The stock trades at a price-to-book ratio of 0.33, suggesting significant undervaluation relative to tangible assets. With a market cap of HK$3.19 billion and book value per share of HK$7.85, the company offers compelling value for contrarian investors. The price-to-sales ratio stands at 0.13, among the lowest in the industrial machinery sector.

However, profitability remains challenged. The company reported negative earnings per share of HK$-4.34 and a negative return on equity of -73.8% trailing twelve months. Despite these headwinds, the strong cash position of HK$3.90 per share provides a financial cushion for operations and potential strategic investments.
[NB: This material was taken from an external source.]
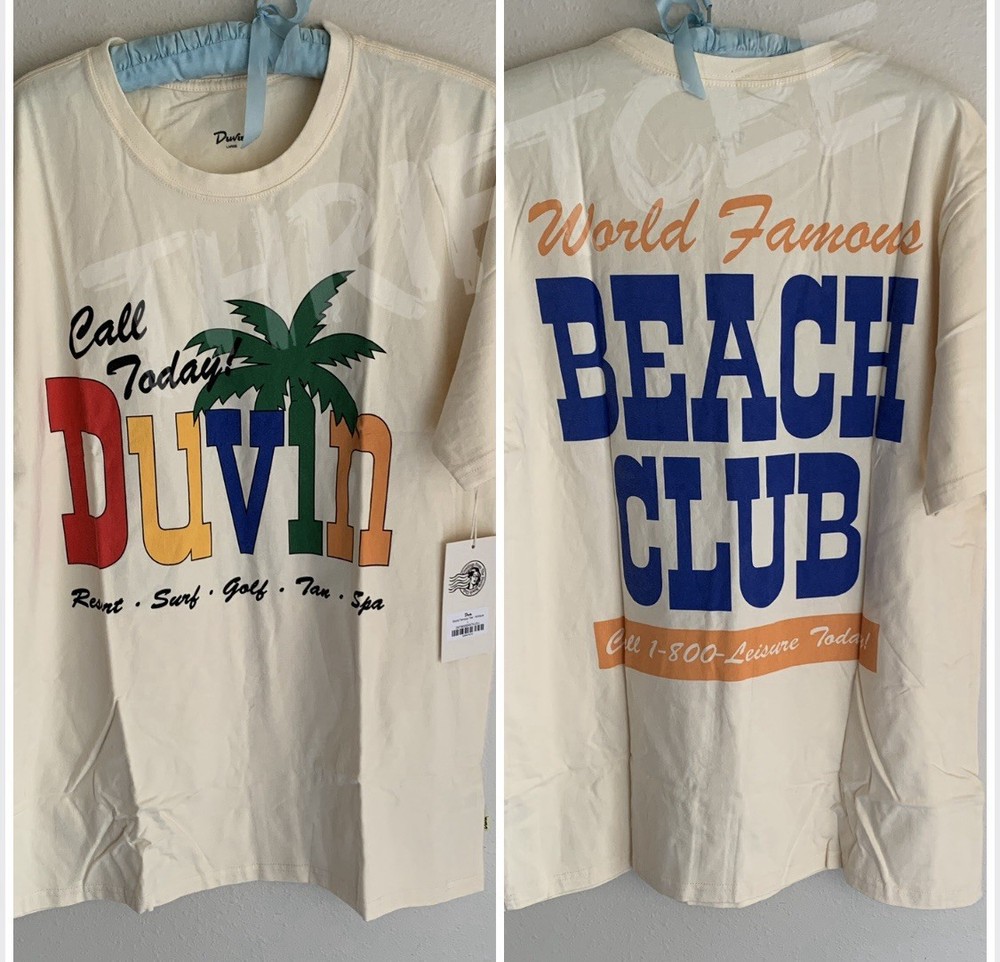 NWT L Duvin World Famous Beach Club T-shirt Summer Tropical Resort Unisex Large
Sector Tailwinds Support Long-Term Growth Thesis

The Industrials sector on HKSE has delivered 28.98% returns over the past year, outpacing broader market gains. China High Speed Transmission Equipment operates in Industrial Machinery, a subsector benefiting from renewable energy buildout and rail infrastructure modernization. The company manufactures gearboxes for wind turbines, rail vehicles, industrial applications, and robot reducers.

With 80,390 full-time employees and operations spanning China and international markets, the company is positioned to capture growth from the global energy transition. Revenue per share reached HK$13.39 trailing twelve months, though profitability pressures from competitive markets and supply chain costs have weighed on margins.
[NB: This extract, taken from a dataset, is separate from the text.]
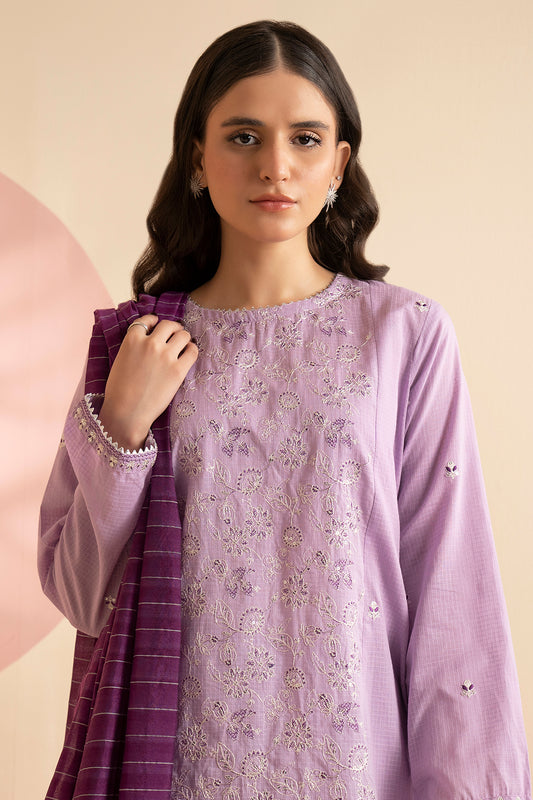 Embroidered Kurta Dupatta Trouser - 1629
Technical Setup Suggests Consolidation Phase

The Relative Strength Index (RSI) sits at 51.59, indicating neutral momentum without overbought conditions. The stock trades within Bollinger Bands with the upper band at HK$2.33 and lower band at HK$1.42, suggesting room for further upside before hitting resistance. The 52-week range spans HK$0.81 to HK$2.56, with today’s close near the upper end of recent trading.
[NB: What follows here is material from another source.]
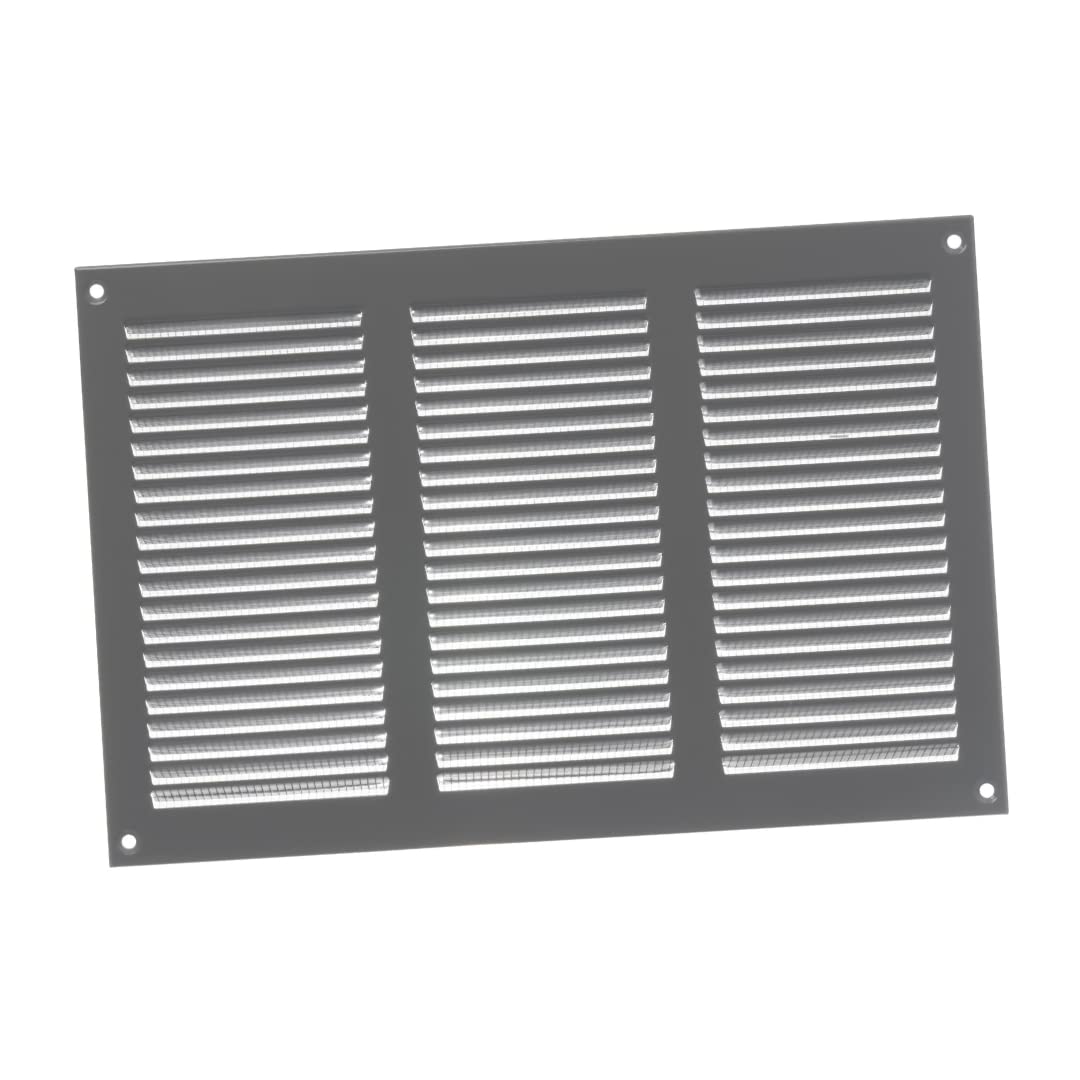 300x200mm / 12x8" inch Grey Metal Air Vent Grille Cover with Insect Mesh - Ventilation Cover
Meyka AI rates 0658.HK with a grade of B, suggesting a HOLD recommendation. This grade factors in S&P 500 benchmark comparison, sector performance, financial growth, key metrics, and analyst consensus. These grades are not guaranteed and we are not financial advisors. Track 0658.HK on Meyka for real-time updates and technical analysis.

Final Thoughts

China High Speed Transmission Equipment Group’s 31.8% surge reflects growing confidence in renewable energy infrastructure plays. While profitability challenges persist, the company’s deep valuation discount, strong cash reserves, and exposure to structural growth trends in wind energy and industrial automation provide a compelling risk-reward setup. Investors should monitor upcoming earnings announcements scheduled for September 2, 2026, and track sector momentum as global renewable energy investments accelerate. The stock’s position above key moving averages suggests near-term technical strength, though fundamental improvements in margins remain critical for sustained gains.

FAQs

Why did 0658.HK stock surge 31.8% today?

Strong volume buying (4.76x average) driven by renewed investor interest in renewable energy. The company’s wind turbine gearbox manufacturing benefits from global energy transition trends.

What is the current price-to-book ratio for 0658.HK?

The stock trades at 0.33 price-to-book ratio, indicating significant undervaluation relative to tangible book value of HK$7.85 per share, suggesting potential value for contrarian investors.

Is 0658.HK profitable?

The company reported negative EPS of HK$-4.34 and negative ROE of -73.8% (TTM). However, it maintains strong cash reserves of HK$3.90 per share and positive revenue generation.

Disclaimer:

Stock markets involve risks. This content is for informational purposes only. Past performance does not guarantee future results. Meyka AI PTY LTD provides market analysis and data insights, not financial advice. Always conduct your own research and consider consulting a licensed financial advisor.